Moreover, after reading various articles where users are puzzling over how to bypass captcha on Amazon, I upgraded the script and now it can bypass the captcha if it occurs (it works with 2captcha). The script checks for the presence of a captcha on the page after each loading of a new page, and if the captcha occurs, it sends a request to the 2capcha server, and after receiving the solution, substitutes it and continues to work.

However, how to bypass the captcha is not the most difficult problem, since this is a trivial task nowadays. The more pressing question is how to make the script work not only with the vertical arrangement of product cards, but also with the horizontal one.

Below I will describe in detail what the script includes, demonstrate its work, and if you can help to solve the problem, if you know what to add (change) in the script so that it works on horizontal setup of cards, I will be grateful.

And for now the script can help someone at least in its limited functionality.

So, let's take the script apart piece by piece!

Preparation

Firstly, the script imports the modules needed to complete the task

from selenium import webdriver
from selenium.webdriver.common.keys import Keys
from selenium.webdriver.common.action_chains import ActionChains
from selenium.webdriver.support.ui import WebDriverWait
from selenium.webdriver.support import expected_conditions as EC
import csv
import os
from time import sleep
import requests

Let's take it apart in parts:

from selenium import webdriver

That imports the webdriver class, which allows you to control the browser (in my case Firefox) through the script

from selenium.webdriver.common.by import By

That imports theBy class, with which the script will search for elements to parse by XPath (it can search for other attributes, but in this case Xpath will be used)

from selenium.webdriver.common.keys import Keys

That imports the Keys class, which will be used to simulate keystrokes, in the case of this script, it will scroll the page down Keys.PAGE_DOWN

from selenium.webdriver.common.action_chains import ActionChains

That imports theActionChains class to create complex sequential actions, in our case – clicking on the PAGE_DOWN button and waiting for all elements on the page to load (since on Amazon cards are loaded as they are being scrolled)

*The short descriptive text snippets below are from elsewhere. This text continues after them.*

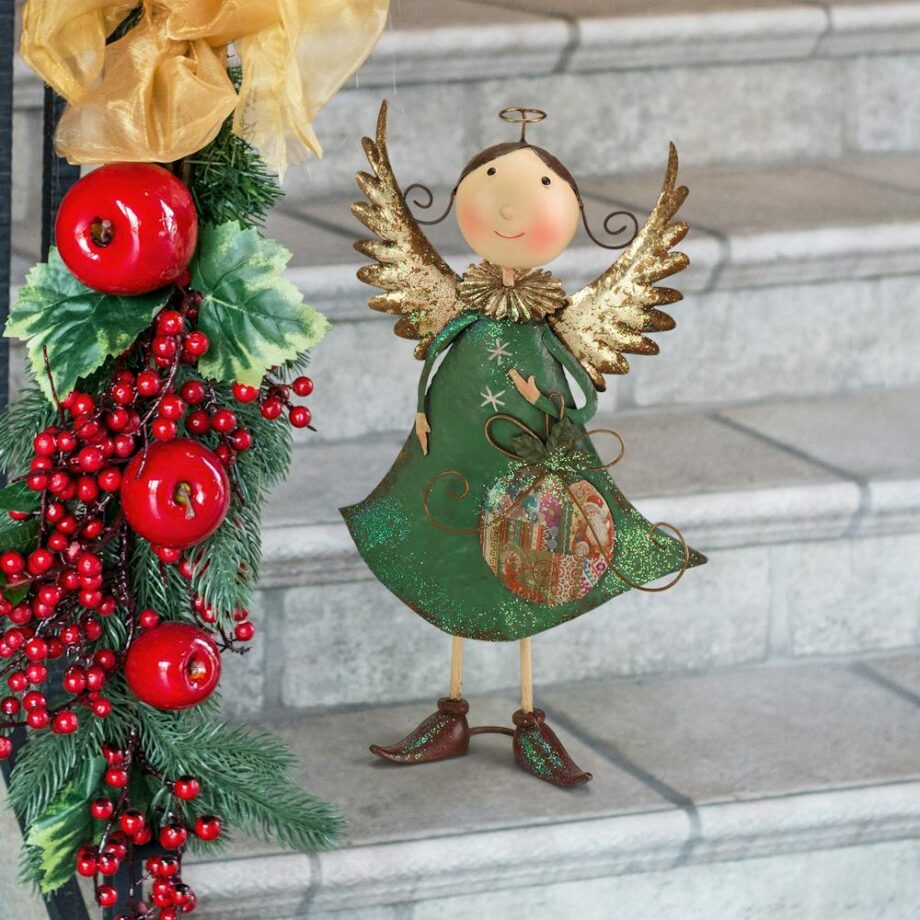 Holiday Helper Metal Angel Statue Collection: Blanche FU78829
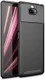 Sony Xperia 10 Plus Siliconen Carbon Hoesje Zwart afbeelding 1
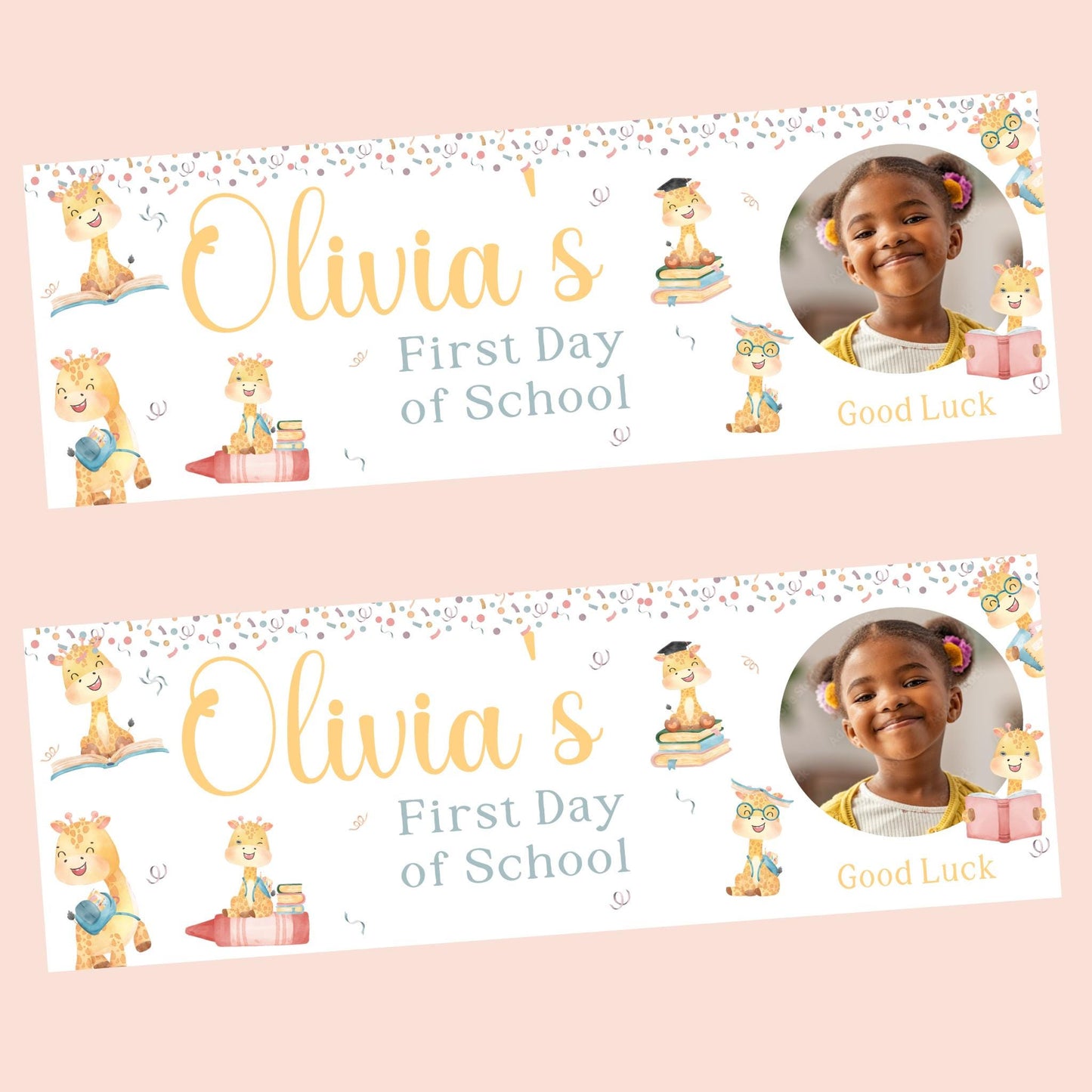 First Day of School Banner, Personalised Primary One Banner, Personalised back to school banner, School decorations, Back to school ideas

from selenium.webdriver.support.ui import WebDriverWait

That imports the WebDriverWait class, which waits until the information we are looking for is loaded, for example, a product description, which we will search by Xpath

from selenium.webdriver.support import expected_conditions as EC

That imports the expected_conditions class (abbreviated EC) which works in conjunction with the previous class and tells WebDriverWait which specific condition it needs to wait for. That increases the reliability of the script so that it would not start interacting with the unloaded yet content.

import csv

That imports the csv module to work with csv files.

import os

That imports the os module to work with the operating system (creating directories, checking for the files presence, etc.).

from time import sleep

We import the sleep function – this is the function that will pause the script for a specific time (in my case, 2 seconds, but you can set more) so that the elements would load while scrolling.

import requests

That imports the requests library for sending HTTP requests, to interact with the 2captcha recognition service.

Configuration

After everything is imported, the script starts configuring the browser for work, in particular:

Installing the API key to access the 2captcha service

# API key for 2Captcha
API_KEY =

The script contains a user-agent (it can be changed, of course), which is installed for the browser. After that, the browser starts with the specified settings.

`user_agent = "Mozilla/5.0 (Windows NT 10.0; Win64; x64) AppleWebKit/537.36 (KHTML, like Gecko) Chrome/91.0.4472.124 Safari/537.36"

options = webdriver.FirefoxOptions()
options.add_argument(f"user-agent={user_agent}")

driver = webdriver.Firefox(options=options)
`

Next comes the captcha solution module. This is exactly the place that users are looking for when they search how to solve a captcha. We will not analyze this piece of code for a long time, since there were no particular problems with it.

In short, the script, after each page load, checks for the presence of a captcha on the page and if it finds it there, solves it by sending it to the 2captcha server. If there is no captcha, it just continues the execution further.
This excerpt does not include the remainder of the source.